Exercise materials:
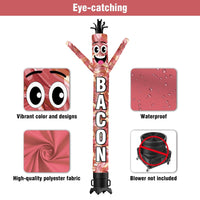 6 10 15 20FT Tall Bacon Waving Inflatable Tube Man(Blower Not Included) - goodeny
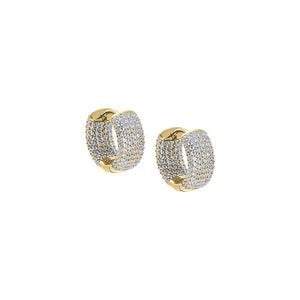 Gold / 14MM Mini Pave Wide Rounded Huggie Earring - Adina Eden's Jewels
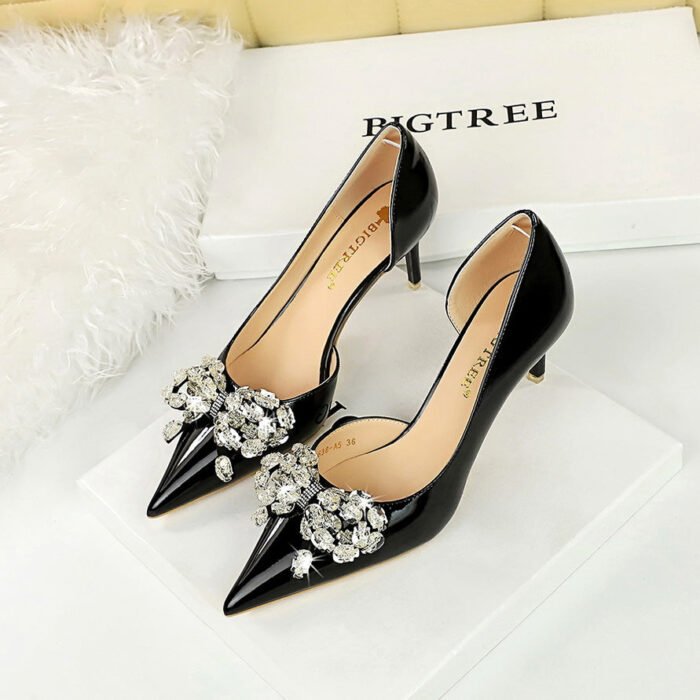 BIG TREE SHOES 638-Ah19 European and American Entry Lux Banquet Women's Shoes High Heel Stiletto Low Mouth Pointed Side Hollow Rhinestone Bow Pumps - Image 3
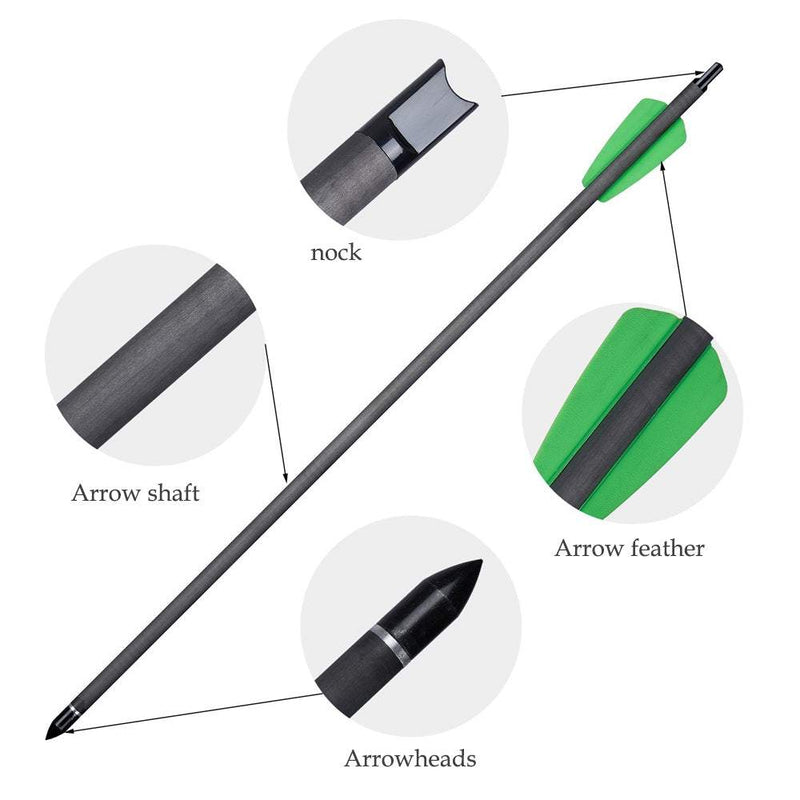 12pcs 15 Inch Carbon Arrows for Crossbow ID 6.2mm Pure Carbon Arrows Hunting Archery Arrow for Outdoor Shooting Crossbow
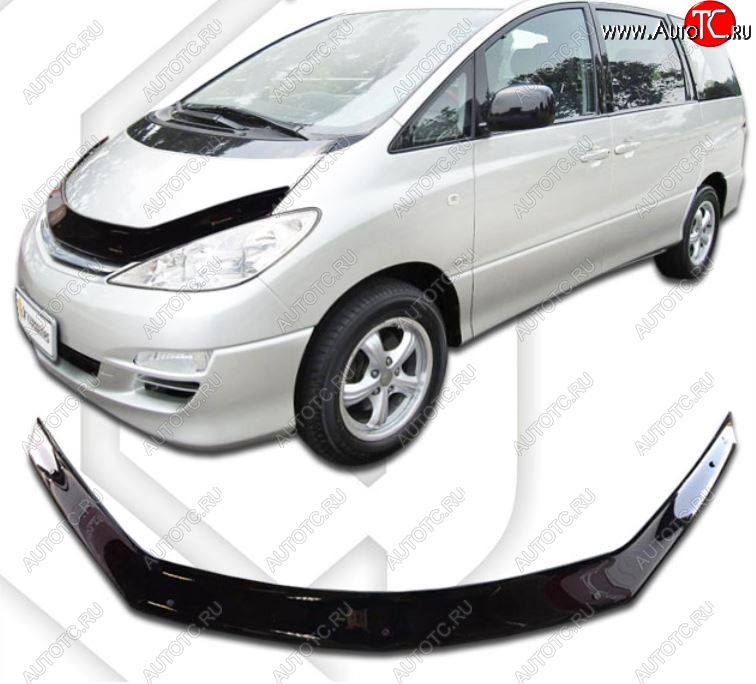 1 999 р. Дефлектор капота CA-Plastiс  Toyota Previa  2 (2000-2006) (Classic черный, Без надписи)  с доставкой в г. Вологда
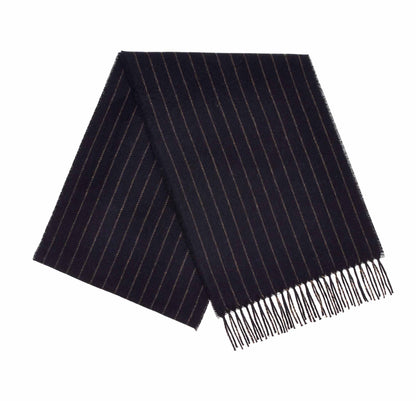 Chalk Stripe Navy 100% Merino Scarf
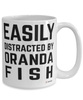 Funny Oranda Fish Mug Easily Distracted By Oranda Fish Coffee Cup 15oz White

What the exercise asks:
When you write out the material, keep every line exact and leave out each picture.

Answer to the problem:
 6 10 15 20FT Tall Bacon Waving Inflatable Tube Man(Blower Not Included) - goodeny
 Gold / 14MM Mini Pave Wide Rounded Huggie Earring - Adina Eden's Jewels
 BIG TREE SHOES 638-Ah19 European and American Entry Lux Banquet Women's Shoes High Heel Stiletto Low Mouth Pointed Side Hollow Rhinestone Bow Pumps - Image 3
 12pcs 15 Inch Carbon Arrows for Crossbow ID 6.2mm Pure Carbon Arrows Hunting Archery Arrow for Outdoor Shooting Crossbow
 1 999 р. Дефлектор капота CA-Plastiс  Toyota Previa  2 (2000-2006) (Classic черный, Без надписи)  с доставкой в г. Вологда
 Chalk Stripe Navy 100% Merino Scarf
 Funny Oranda Fish Mug Easily Distracted By Oranda Fish Coffee Cup 15oz White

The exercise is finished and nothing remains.